The Ambatovy nickel-cobalt project located in Madagascar is one of the biggest lateritic nickel mining operations in the world. Involving a total estimated project cost of more than £6bn ($8bn), the large-tonnage, open-pit project also represents one of the biggest foreign investments in sub-Saharan Africa and the Indian Ocean region.
Operational since January 2014, the Ambatovy nickel-cobalt project is a joint venture partnership between Canada’s Sherritt International Corporation, Sumitomo Corporation of Japan, and Korea Resources Corporation.
The mining permit for the Ambatovy project was granted in 2006 for a period of 40 years followed by a project certification by the Government of Madagascar in 2007, while the construction permits for the mine as well as the processing plant were received in the following year.
The project has an annual production capacity of 60,000 tonnes (t) of refined nickel, 5,600t of refined cobalt, and 210,000t of ammonium sulphate fertilizer over a mine life of minimum 29 years.
Mining operations at Ambatovy, however, are currently on hold due to the COVID-19 pandemic and are planned to be resumed in the fourth quarter of 2021.
The Ambatovy nickel-cobalt project is located in the Alaotra Mangoro region near the city of Moramanga, approximately 80km east of the capital city of Antananarivo in Madagascar.

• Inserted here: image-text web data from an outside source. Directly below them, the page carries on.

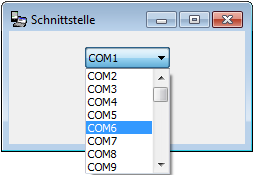 Screenshot: Auswahlliste der COM-Schnittstellen im Windows-Geräte-Manager (Schnittstelle COM6 markiert)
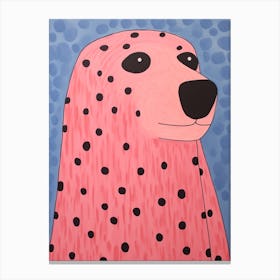 Pink Polka Dot Sea Lion 1 Canvas Print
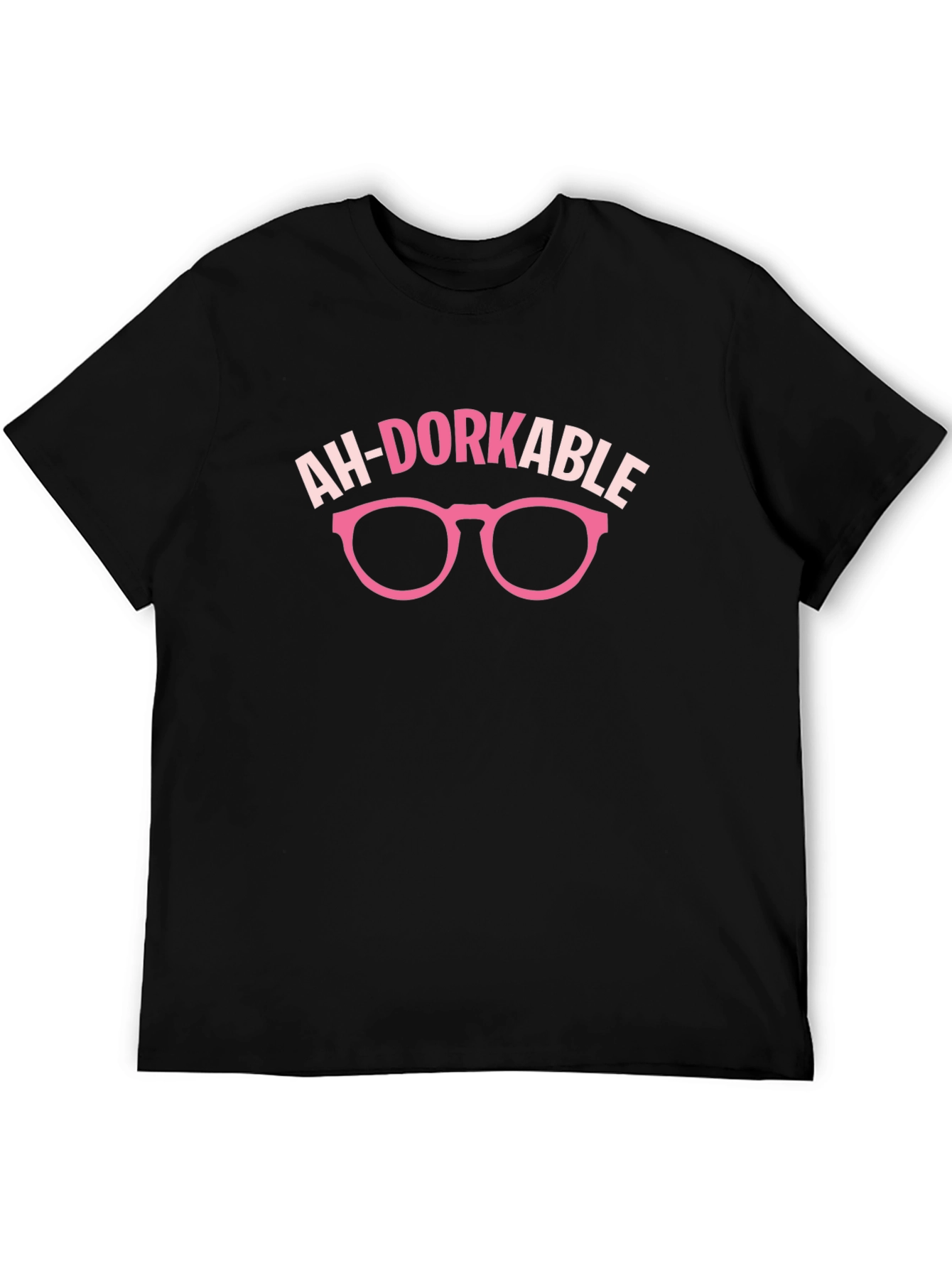 Ah-Dorkable Graphic T-Shirt - Funny Pink Glasses Design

The project hosts the Ambatovy and the Analamay deposits, and the mining tenement covers approximately 1600ha.
Geology and mineralisation
The geology for the Ambatovy project is primarily composed of the Precambrian metamorphic rocks and the Palaeozoic to Tertiary-aged intrusive rocks of the Cretaceous period. A prominent north-south striking belt of gneisses and migmatites underlines the project area.
The gneissic terrain is intersected by the Amtampombato Complex which is mainly composed of gabbroic and syenitic rocks, and two smaller ultrabasic bodies. The Ambatovy deposit is located towards the southern margin of the complex while the Analamay ultrabasic deposit lies at the eastern margin.
The Ambatovy and the Analamay ore bodies are weathered lateritic nickel deposits located approximately 3km apart and jointly constitute one of the world’s biggest lateritic nickel reserves. The ore bodies are exposed on an uplifted ridgeline, while the laterite layer IS sub-divided into the ferricrete, ferralite and the saprolite zones with an average thickness of approximately 50m.
The ferricrete layer is an exposed hard, rock-like crust over the top of the deposit layer, while the reddish-brown, clay-like ferralite layer that forms beneath the ferricrete layer comprises the bulk of the economic ore. The saprolite layer occurs as a transitional zone that is neither fresh parent material nor completely altered into the ferralite.
Nickel and cobalt reserves
The Ambatovy and the Analamay deposits were estimated to hold approximately 152.1 million tonnes (Mt) of proven and probable mineral reserves containing approximately 1.42Mt of nickel and more than 120,000t of cobalt, as of December 2018.
The mining activities at Ambatovy and Analamay utilise traditional open-pit mining methods with the use of hydraulic back hoe or front shovels and haulage trucks. Blasting is not required due to the exposed nature of the ore bodies.
The initial pit design calls for the mining development starting in west Ambatovy with gradual expansion in 200m push backs with an aim to build up the ore production rate to six million tonnes per annum (Mtpa).
The mined ore is transferred to an on-site ore preparation plant for separating laterite from waste and mixing water to it to produce ore slurry.
The ore slurry is fed through a pipeline system that links the mine to the processing plant located 220km away and 11km south of the Port of Toamasina.
At the processing plant, the ore slurry is fed into large autoclaves to undergo pressure acid leaching (PAL) where it is heated and mixed with sulfuric acid.
The leach discharge slurry from the autoclave passes through a counter-current decantation (CCD) wash circuit to separate nickel and cobalt solution.
The tailings from the CCD wash circuit are neutralized with limestone and are introduced into acid neutralization circuits to recover metals such as iron and aluminium.
Nickel and cobalt are recovered from the pregnant leach solution via the precipitation process with the help of high temperature and pressured hydrogen sulphide gas to produce concentrated mixed sulphides.
The concentrated sulphides mixture undergoes filtration, sedimentation, and extraction with organic solvents to produce two separate purified solutions of nickel and cobalt.
The final concentrate products are washed, dried, and packaged for export from the Port of Toamasina.
SNC Lavalin was awarded the engineering, procurement, construction, and management (EPCM) contract for the Ambatovy nickel-cobalt project in 2007.